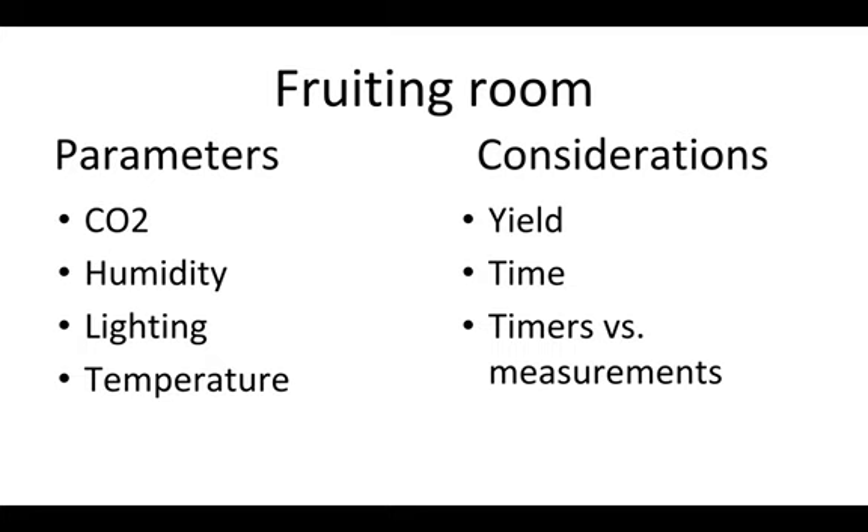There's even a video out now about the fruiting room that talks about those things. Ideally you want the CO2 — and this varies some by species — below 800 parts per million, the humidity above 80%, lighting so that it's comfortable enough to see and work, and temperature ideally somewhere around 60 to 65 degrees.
+++
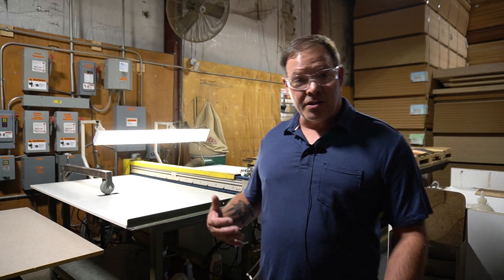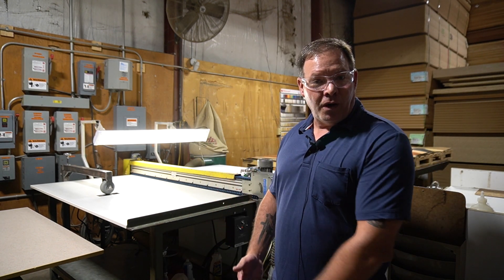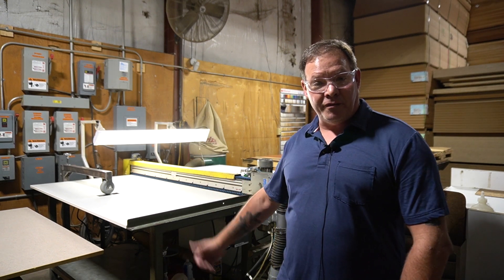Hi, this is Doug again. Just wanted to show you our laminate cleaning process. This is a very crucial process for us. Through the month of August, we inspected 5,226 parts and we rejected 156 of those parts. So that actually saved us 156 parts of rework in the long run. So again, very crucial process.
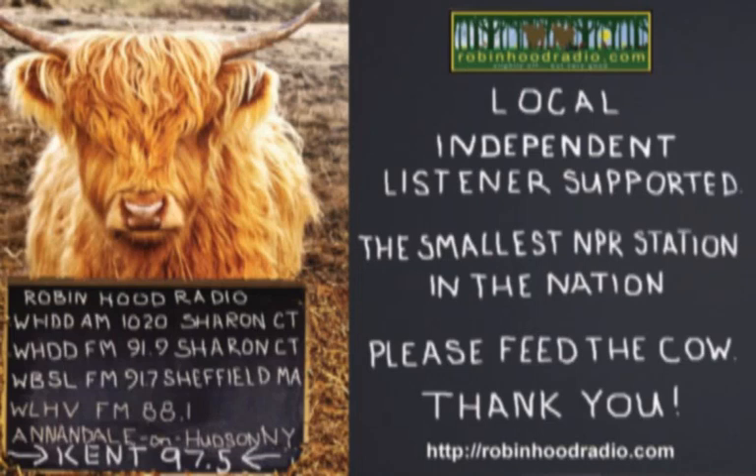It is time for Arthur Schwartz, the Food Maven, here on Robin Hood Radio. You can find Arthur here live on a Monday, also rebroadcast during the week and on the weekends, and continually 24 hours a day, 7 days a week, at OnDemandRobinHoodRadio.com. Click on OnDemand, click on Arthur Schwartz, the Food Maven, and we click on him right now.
+++
## Exercise
Set down again, exactly, every line above from the one with "Hi, this is" down to the one with "It is time for", both ends included. No pictures, and nothing else.

## Exercise response
Hi, this is Doug again. Just wanted to show you our laminate cleaning process. This is a very crucial process for us. Through the month of August, we inspected 5,226 parts and we rejected 156 of those parts. So that actually saved us 156 parts of rework in the long run. So again, very crucial process.
It is time for Arthur Schwartz, the Food Maven, here on Robin Hood Radio. You can find Arthur here live on a Monday, also rebroadcast during the week and on the weekends, and continually 24 hours a day, 7 days a week, at OnDemandRobinHoodRadio.com. Click on OnDemand, click on Arthur Schwartz, the Food Maven, and we click on him right now.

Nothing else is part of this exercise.